GetPjrtApi Thunk & tpu_plugin Object
All addresses on this page apply to
libtpu.sofrom thelibtpu-0.0.40-cp314wheel (buildlibtpu_lts_20260413_b_RC00, build-id md589edbbe81c5b328a958fe628a9f2207d, 781,691,048 bytes, ELF x86-64 DYN, not stripped; demangled C++ symbols quoted verbatim). Other versions differ.
Abstract
A PJRT plugin is a .so with exactly one job: hand a framework a pointer to a PJRT_Api function-pointer table. libtpu.so does this through a two-symbol arrangement that is worth pulling apart, because the obvious single-function design is not what the binary does. The public, exported, versioned symbol — GetPjrtApi @ 0xe6a83a0 — is a five-byte jmp thunk that carries no logic at all. It tail-calls an internal, unexported engine, pjrt::tpu_plugin::GetTpuPjrtApi @ 0xe6aa440, which is the real lazy builder: a straight-line run of seventeen Itanium-ABI __cxa_guard-protected one-shot blocks that materialize the extension chain and the table, then returns a pointer to a function-local static. That static — GetTpuPjrtApi()::pjrt_api @ 0x227BA840 — is a 1120-byte zero-filled slab in .lbss (NOBITS); it is the only PJRT_Api instance in the process, and it does not exist as an image in any PROGBITS section.

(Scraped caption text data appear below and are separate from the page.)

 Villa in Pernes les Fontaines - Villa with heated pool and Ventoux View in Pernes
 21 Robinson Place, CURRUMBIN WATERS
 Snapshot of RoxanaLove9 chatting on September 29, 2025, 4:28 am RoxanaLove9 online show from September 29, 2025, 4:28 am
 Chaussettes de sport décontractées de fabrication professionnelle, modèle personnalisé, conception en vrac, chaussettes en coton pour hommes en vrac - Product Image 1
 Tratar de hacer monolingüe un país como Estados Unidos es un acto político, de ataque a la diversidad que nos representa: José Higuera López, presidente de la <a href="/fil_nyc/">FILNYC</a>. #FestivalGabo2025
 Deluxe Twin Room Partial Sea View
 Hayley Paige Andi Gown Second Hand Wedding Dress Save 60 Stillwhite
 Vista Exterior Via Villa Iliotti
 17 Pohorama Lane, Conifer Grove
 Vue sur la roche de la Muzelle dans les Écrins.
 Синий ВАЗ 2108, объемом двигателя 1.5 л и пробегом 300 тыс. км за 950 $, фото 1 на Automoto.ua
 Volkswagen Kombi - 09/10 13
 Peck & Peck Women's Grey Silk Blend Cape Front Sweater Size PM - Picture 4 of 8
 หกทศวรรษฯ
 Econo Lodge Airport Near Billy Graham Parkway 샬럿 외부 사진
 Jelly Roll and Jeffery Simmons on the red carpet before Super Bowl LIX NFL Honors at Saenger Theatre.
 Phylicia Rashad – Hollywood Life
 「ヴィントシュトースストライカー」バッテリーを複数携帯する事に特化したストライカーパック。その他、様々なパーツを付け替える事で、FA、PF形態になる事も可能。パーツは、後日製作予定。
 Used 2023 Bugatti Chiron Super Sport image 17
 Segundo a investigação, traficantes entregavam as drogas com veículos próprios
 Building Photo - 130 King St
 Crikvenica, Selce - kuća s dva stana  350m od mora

There is nothing to disassemble in the table itself at rest; its 140 slots are written at first call by pjrt::CreatePjrtApi @ 0xf874160.
This is the C++ Meyers-singleton pattern applied to a C ABI: an exported C trampoline in front of a C++ function-local static, lazy-built under a guard, leaked at process exit. The split exists for two reasons. First, the public name must be the canonical lowercase-jrt GetPjrtApi (matching every other PJRT plugin) while the internal builder keeps the descriptive GetTpuPjrtApi name and stays out of the dynamic symbol table — so a framework cannot accidentally bind to the builder, and the builder's TPU-specific identity stays private. Second, the thunk lets the linker place the exported entry in a tiny stub section while the multi-kilobyte builder lives wherever the rest of pjrt::tpu_plugin does. The functions the builder binds into the table's five TPU slots are members of that pjrt::tpu_plugin namespace — PJRT_Client_Create, PJRT_Plugin_Initialize, PJRT_TopologyDescription_Create, PJRT_ExecuteContext_Create — and they are the only place the generic XLA PJRT table touches TPU silicon.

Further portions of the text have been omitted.